Le Géant de fer, Freddy, Akira, la DeLorean... La première bande-annonce du blockbuster sur la réalité virtuelle est un pur condensé de culture pop.

 

« Tout est possible dans ce monde », déclare Steven Spielberg, lors de la présentation de son dernier film au Comic Con, la messe annuelle de la pop culture qui se tenait ce week-end de San Diego. Et pour cause, Ready Player One a tout du fantasme ultime de geek biberonné aux blockbusters des années 1980. Dans sa première bande-annonce dévoilée lors de l'événement, le dernier long-métrage du maître du divertissement endosse complètement son statut de pure fiction adressée aux « nerds », enchaînant les références à tire-larigot.

 

Apparaissent ainsi successivement le Géant de fer, le terrifiant Freddy Krueger des Griffes de la nuit, la moto d'Akira ou encore la célèbre DeLorean, le véhicule qui transporte Marty et Doc dans Retour vers le futur.
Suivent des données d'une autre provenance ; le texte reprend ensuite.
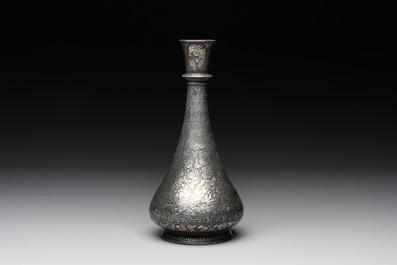 A bidri vase, a steel hookah cup and three copper alloy hookah mounts, India/Persia, 19th C.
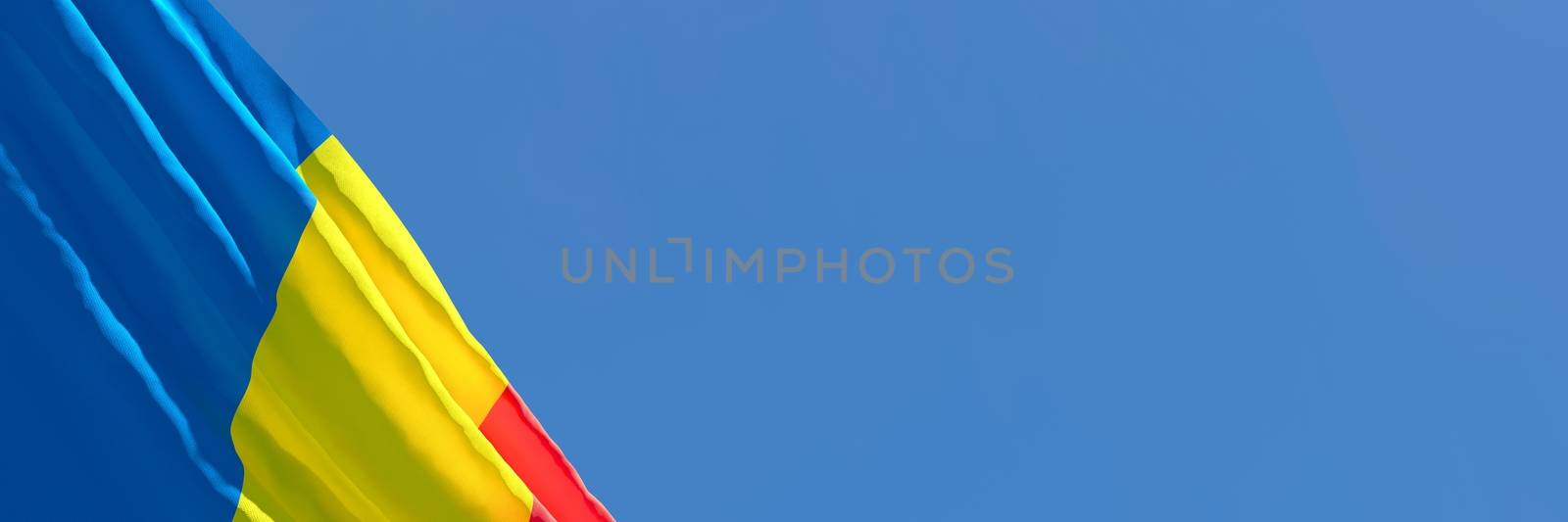 3D rendering of the national flag of Romania waving in the wind against a blue sky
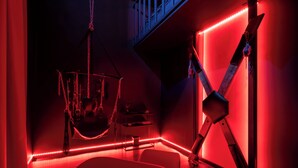 A room with a red-lit ambiance, featuring a hanging chair, a desk, and a chair. - Luxuria Love Room Avignon (Avignon)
Mais comment justifier le mélange de tous ces univers sans se perdre dans un gloubi-boulga narratif et visuel ? Tout simplement en invoquant le principe de réalité virtuelle.

 

Ready Player One est adapté du livre éponyme d'Ernest Cline publié en 2011, qui dépeint une société dystopique où le seul moyen d'échapper à un quotidien morose est de s'évader dans l'OASIS, un monde virtuel totalement utopique. Créé par le milliardaire James Halliday (interprété dans le film par Mark Rylance) avant sa mort, ce programme a quelques particularités. Les participants qui parviennent à résoudre les nombreuses énigmes du jeu, toutes inspirées des années 1980, pourront hériter de la fortune colossale du monsieur. Wade Watts, alias Parzival, spécialiste de cette décennie créativement prolifique, se lance dans l'aventure. Le personnage, incarné par Tye Sheridan (MudX-Men Apocalypse), devra toutefois affronter les multinationales et geeks du monde entier qui sont, eux aussi, prêts à tout pour rafler le jackpot.

 

Présent lors du panel centré sur le film au Comic Con, Ernest Cline a brièvement raconté sa collaboration avec Steven Spielberg. « J'ai grandi en regardant et en étudiant par la suite les films de ce monsieur. Ils font partie de mon ADN et j'ai réussi à raconter des histoires grâce à lui. Travailler sur ce film a été l'une des expériences les plus gratifiantes de ma vie », s'est-il épanché. De son côté, le cinéaste a évoqué les raisons qui l'ont poussé à s'intéresser au projet. « Le livre était à la fois un flash-forward et un flash-back. Flash-back d'une décennie où j'ai été beaucoup impliqué, et flash-forward d'un futur qui nous attend, qu'on le veuille ou non. C'est un concept qui m'intéressait », a-t-il témoigné.

 

Spielberg a toutefois avoué qu'il pensait au départ qu'un « réalisateur plus jeune » aurait mieux fait l'affaire pour piloter le projet, en dépit des nombreuses références aux œuvres du metteur en scène présentes dans le matériau de base. Mais le maestro de l'entertainement est clair : il ne fera aucune allusion à ses propres films, exception faite de Retour vers le futur pour lequel il officiait en tant que producteur. Pour Ernest Cline, il ne s'agit pas tant d'inclure des références aléatoirement, mais « de présenter le concept de réalité virtuelle à beaucoup de monde » et accélerer de facto « la vitesse d'adoption par la population de cette technologie encore jeune ». Immersion prévue pour le 28 mars 2018.